Common false positives (do NOT merge):
db-migrations vs drizzle — distinct workflows (migration files vs schema authoring).
microcopy vs i18n — content vs mechanics.
agent-runtime-hooks vs agent-tracing vs agent-signal — different surfaces of the agent system.
testing vs local-testing vs cli-backend-testing — different test types.
4 — Description format consistency
Apply the standard template:
{Topic + key conventions or scope}. Use when {scenarios — verbs + nouns}. Triggers on {`code-symbols`, 'natural phrases', '中文'}.
Skills with disable-model-invocation: true (user-invoked only, slash commands) don't need Triggers on — they're never auto-routed.
Flag descriptions that:
- ❌ Have NO
Use when clause (model can't decide when to load it).
- ❌ Have NO
Triggers on clause (and aren't disable-model-invocation).
- ❌ Use weird formats (numbered lists
(1)(2)(3), Triggers: colon instead of Triggers on, MUST use when ... as opening word).
- ❌ Are dramatically terse for a 200+ line body, or dramatically verbose for a 60-line body.
- ❌ Reference deleted/renamed skills.
5 — Stale-skill check
For narrow domain skills (e.g. response-compliance, one-off CLI workflows):
rg -l "response-compliance|openresponses" packages/ src/
git log --since="3 months ago" -- .agents/skills/ < skill > /SKILL.md
If the underlying surface is gone and the skill hasn't been edited in 3+ months → flag for archival.
6 — Cross-reference integrity
Any skill body mentioning another skill by name:
rg -o '`[a-z][a-z0-9-]+`' .agents/skills/*/SKILL.md | grep -v ':\s*$' | sort -u
For each name extracted, confirm .agents/skills/<name>/SKILL.md exists. Broken references happen after renames — fix them in the same audit pass.
7 — Output report
Produce a markdown summary back to the user with the same structure as the original audit (this skill was created during one):
## 📊 Inventory
{count, domain breakdown}
## 🎯 Recommendations
### 🔴 High confidence
- {action} — {reason}
### 🟡 Medium confidence
- {action} — {reason needs verification}
### 🟢 Low confidence / no-op
- {item considered but skipping because ...}
## 📋 Suggested order
{table of actions with risk + LOC estimate}
End by asking the user which actions to apply — do NOT auto-apply unless the user passed --apply and even then confirm destructive deletes individually.
Output rules
- Be specific. "Skill X overlaps with Y" is useless without naming the overlapping triggers.

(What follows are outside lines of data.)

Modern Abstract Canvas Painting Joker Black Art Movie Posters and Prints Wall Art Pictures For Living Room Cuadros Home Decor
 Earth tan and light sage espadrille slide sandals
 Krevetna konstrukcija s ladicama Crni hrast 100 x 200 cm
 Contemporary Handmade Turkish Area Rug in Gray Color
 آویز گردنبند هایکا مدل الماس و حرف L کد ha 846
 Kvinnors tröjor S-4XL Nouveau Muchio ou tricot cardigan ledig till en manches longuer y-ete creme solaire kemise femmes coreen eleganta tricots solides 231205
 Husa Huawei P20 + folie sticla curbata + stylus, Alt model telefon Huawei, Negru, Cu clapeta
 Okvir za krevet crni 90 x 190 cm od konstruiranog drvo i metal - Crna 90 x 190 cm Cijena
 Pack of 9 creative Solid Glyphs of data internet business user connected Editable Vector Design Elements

- Cite line numbers when flagging description / body issues.
- Don't recommend merges unless the call sites would actually load the merged skill in the same context.
- Don't recommend deletes for skills that haven't been touched recently — "unused" can mean "stable", not "dead".
What NOT to do
- ❌ Don't rename skill directories without checking for cross-references AND user memory entries that name the old slug.
- ❌ Don't normalize a description by removing trigger keywords just to fit the template — the keywords are the routing signal.
- ❌ Don't fold a heavy 200+ line skill into another just because they share a domain — large skills get loaded selectively and merging makes everything load.
- ❌ Don't propose
.agents/skills/INDEX.md or <domain>-<skill> prefix renames unless the user explicitly asks — costs > benefits for cosmetic reorgs.
Related history
- First audit:
chore/skills-audit branch (2026-05-25) — deleted source-command-dedupe, renamed data-fetching → data-fetching-architecture, normalized 9 descriptions, created this skill.